I’m not sure, how exactly you are shuffling your input. Is there any specific logic or are you just randomly sampling shuffle indices?
As far as I understand, randperm seems to work but is too slow?

I want to generate shuffles on the feature level over a batch.
So given a datum like [a b c] i want to generate k shuffles of it, e.g. two shuffled versions: [ [ a c b ] [c b a ] ], with this generalized over batched data.

The issue is that the call to randperm only generates one permutation, so I need to make (K x Batch) calls to randperm (which is very slow) and then index out the shuffles from the original data.

Now that i think about it, it wouldn’t be a problem if randperm could return multiple permutations.

I recently wanted to do the same thing.
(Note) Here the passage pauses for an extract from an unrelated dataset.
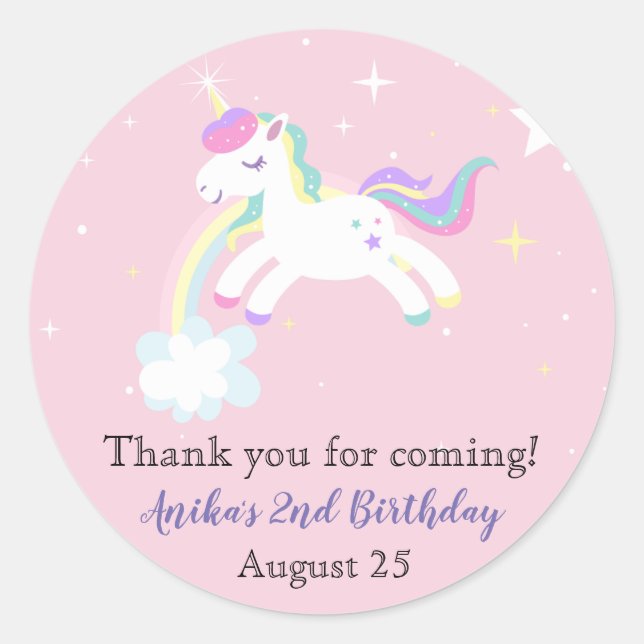 Pink Unicorn Stars Rainbow Glitter Girls Birthday Classic Round Sticker (Front)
In case anyone is interested, the following is my solution:

import torch


n_batch = 8
n_feat = 11

rand = torch.rand(n_batch, n_feat)
batch_rand_perm = rand.argsort(dim=1)
print(batch_rand_perm)
tensor([[ 1,  2,  4,  6,  0,  9,  3,  7,  8,  5, 10],
        [10,  6,  9,  2,  7,  4,  3,  5,  1,  0,  8],
        [ 8,  7,  4,  6,  0,  1,  9, 10,  2,  5,  3],
        [ 1,  3,  5,  4,  6,  8,  2,  9,  0,  7, 10],
        [ 3, 10,  7,  1,  4,  5,  0,  8,  9,  6,  2],
        [ 2, 10,  0,  1,  6,  8,  7,  9,  5,  3,  4],
        [ 5,  9,  8, 10,  0,  1,  6,  7,  4,  2,  3],
        [ 0,  9,  8,  4,  1,  3,  2,  7,  5, 10,  6]])
8 Likes